Fisco
Più facile difendersi dagli atti impositivi emessi sulla base degli studi di settore. È infatti nullo l’accertamento quando l’ufficio non prende in considerazione le giustificazioni scritte trasmesse dal contribuente nella fase amministrativa.
La ha sancito la Corte di cassazione che, con la sentenza n. 6971 dell’8 aprile 2015, ha accolto il ricorso di un architetto che aveva trasmesso all’ufficio una relazione tecnica con la quale spiegava i motivi della riduzione della sua attività professionale legati a problemi familiari.
Insomma, la sezione tributaria ha rilanciato l’importanza del contraddittorio fra fisco e cittadino, anche in presenza di atti scritti.

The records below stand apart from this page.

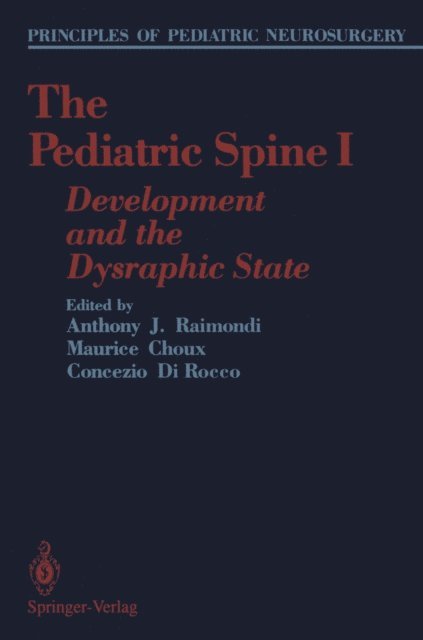 Concezio Di Rocco, Maurice Choux, Anthony J. Raimondi - Pediatric Spine I, E-bok
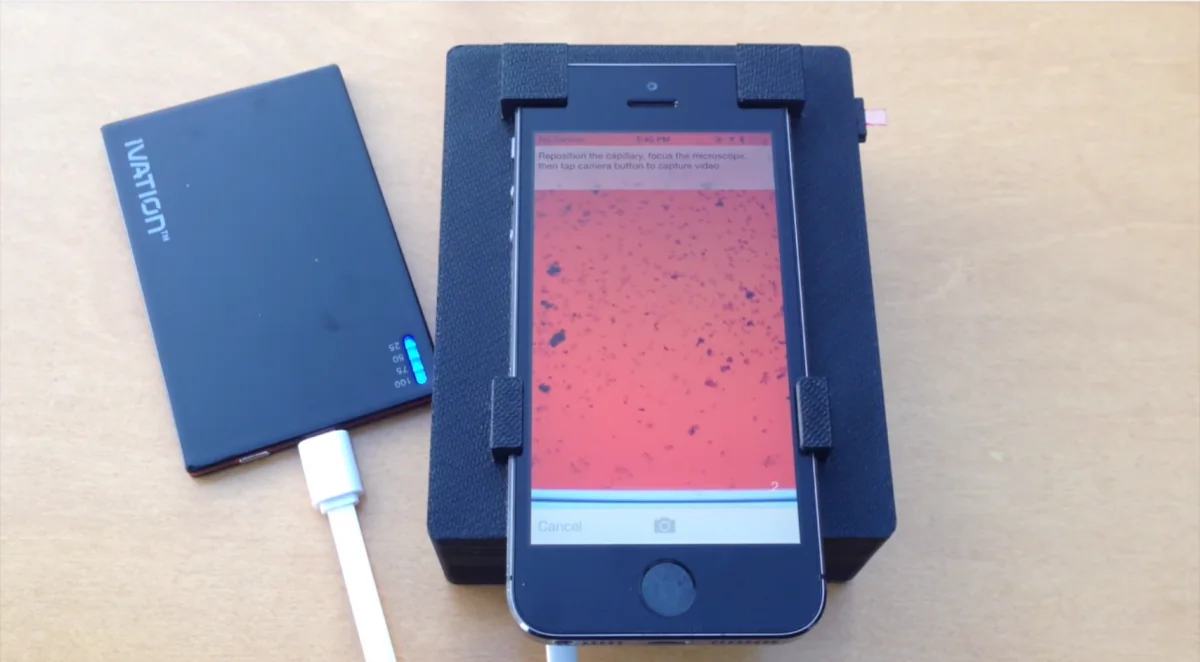 A smartphone analyzes a blood sample for parasites (Mike D’Ambrosio and Matt Bakalar, Fletcher Lab, UC Berkeley)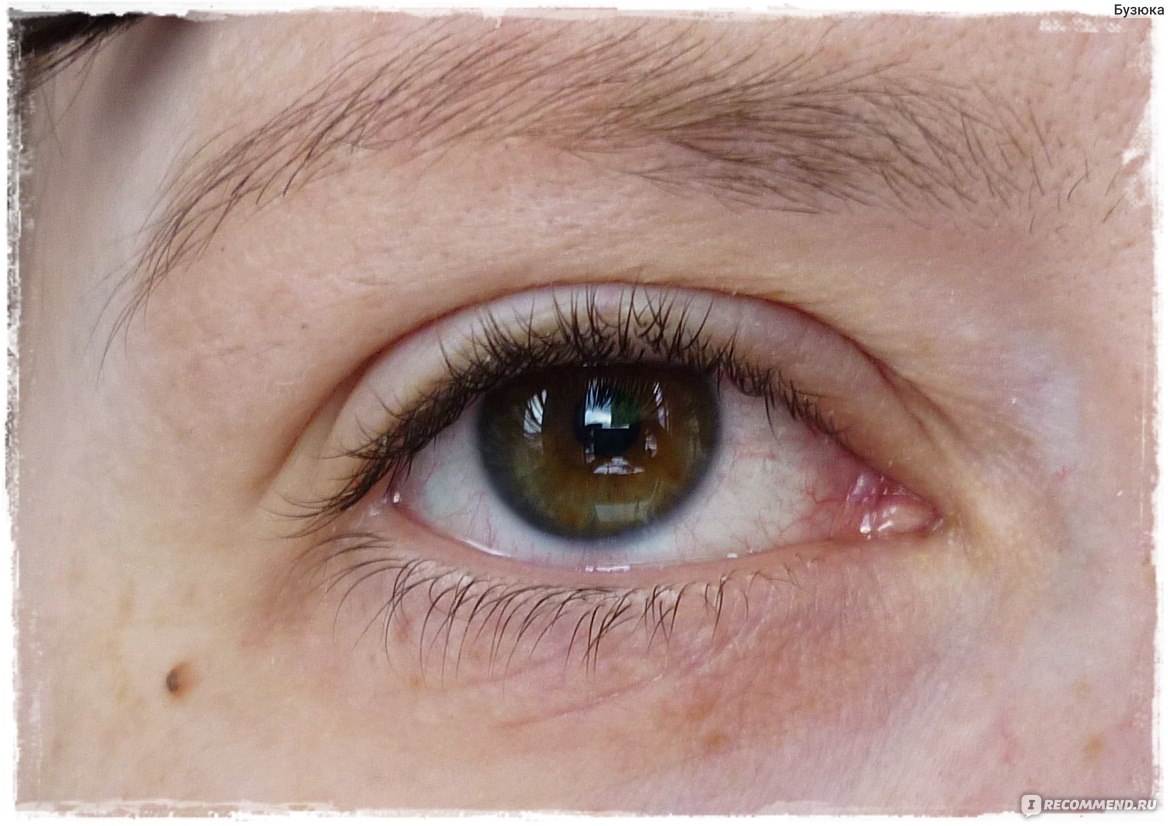 Коньюктивит у ребенка 5. Конъюнктивит глаз у взрослых. В краю глаза конъюнктивит. Конъюнктивит желтые глаза. Первые симптомы конъюнктивита.
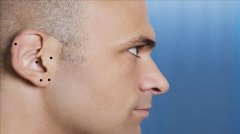 男人耳朵有痣代表什么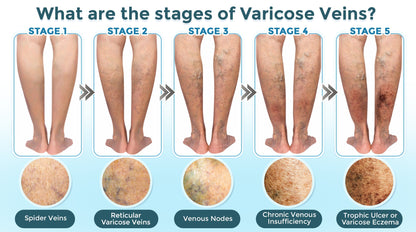 GFOUK® VenaRestore MicroNeedle Vein Repair Patch 🇬🇧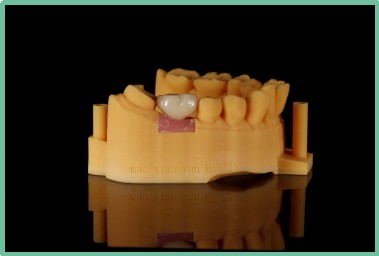 “以科技破局，以数字化赋能”——ng28南宫与精瓷义齿共创齿科3D打印医疗新未来06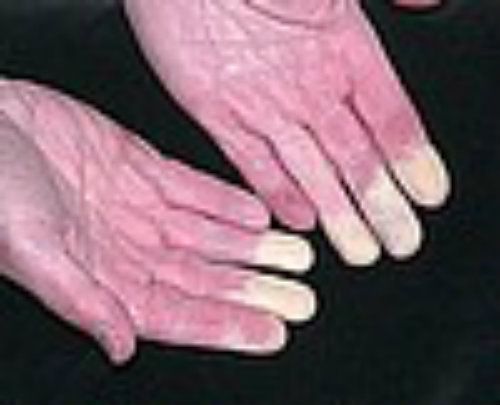 This is what the fingers of one with Raynauds Syndrome look like most of the day.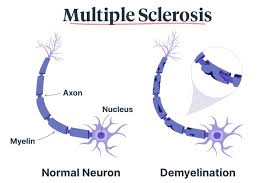 The term multiple sclerosis refers to the distinctive areas of scar tissue (sclerosis—also called plaques or lesions) that result from the attack on myelin by the immune system. How Does Multiple Sclerosis Affect The Body Ausmed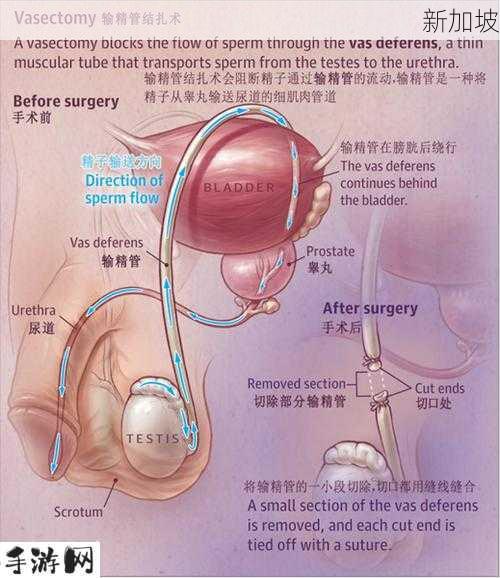 tubectomy vasectomy：结扎手术对男女健康有哪些影响？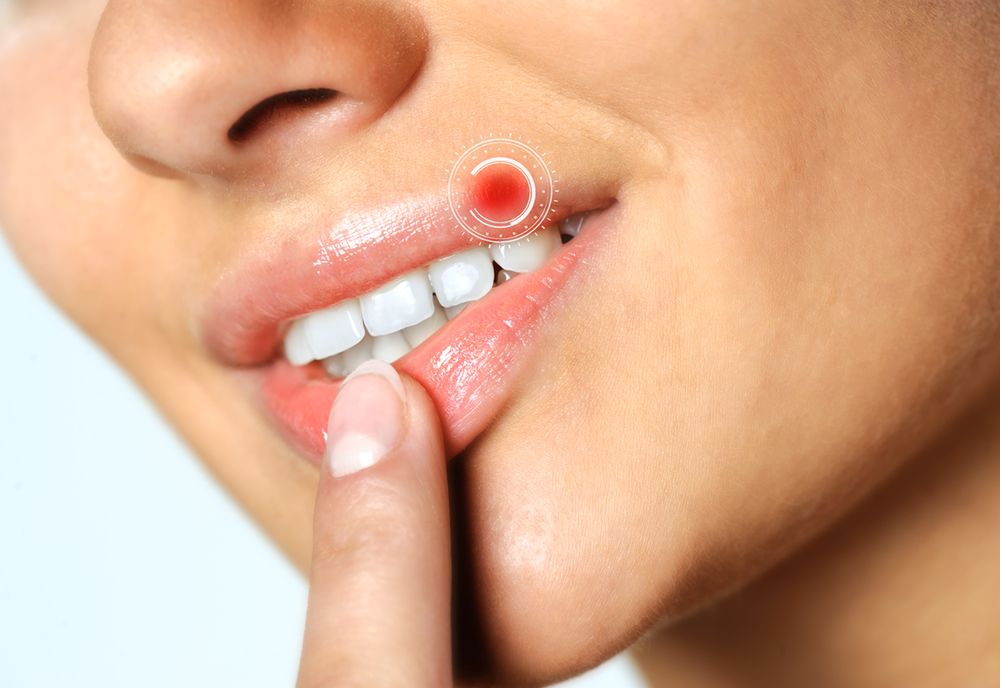 Mity na temat opryszczki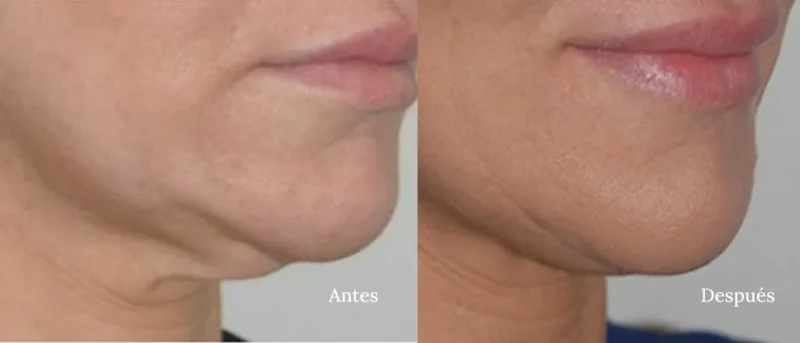 Antes y Despues Morpheus8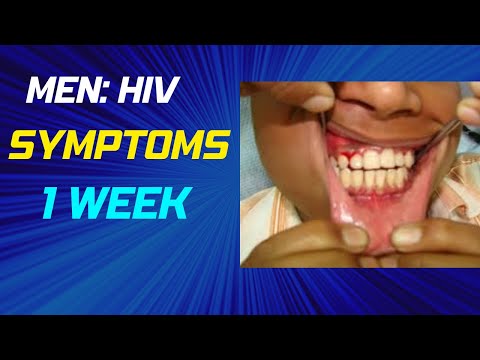 HIV symptoms in men after: 1 week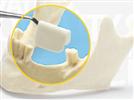 Zimmer CurV Pre-Shaped Collagen Membrane: Breaking Free From Titanium Mesh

Tanto più che in questo caso l’amministrazione aveva emesso l’atto impositivo ancora prima del giorno fissato per il colloquio orale. Il principio affermato risponde a quello generale per cui in sede di contraddittorio preventivo il contribuente ha l’onere di provare, senza limitazione alcuna di mezzi e di contenuto, la sussistenza di condizioni che giustificano l’esclusione dell’impresa dall’area dei soggetti cui possono essere applicati gli «standards» o la specifica realtà dell’attività economica nel periodo di tempo in esame, per altro verso, che la motivazione dell’atto di accertamento non può esaurirsi nel rilievo dello scostamento dai parametri, altrimenti vanificandosi del tutto le finalità del contraddittorio, ma deve essere integrata con la dimostrazione dell’applicabilità in concreto dello «standard» prescelto.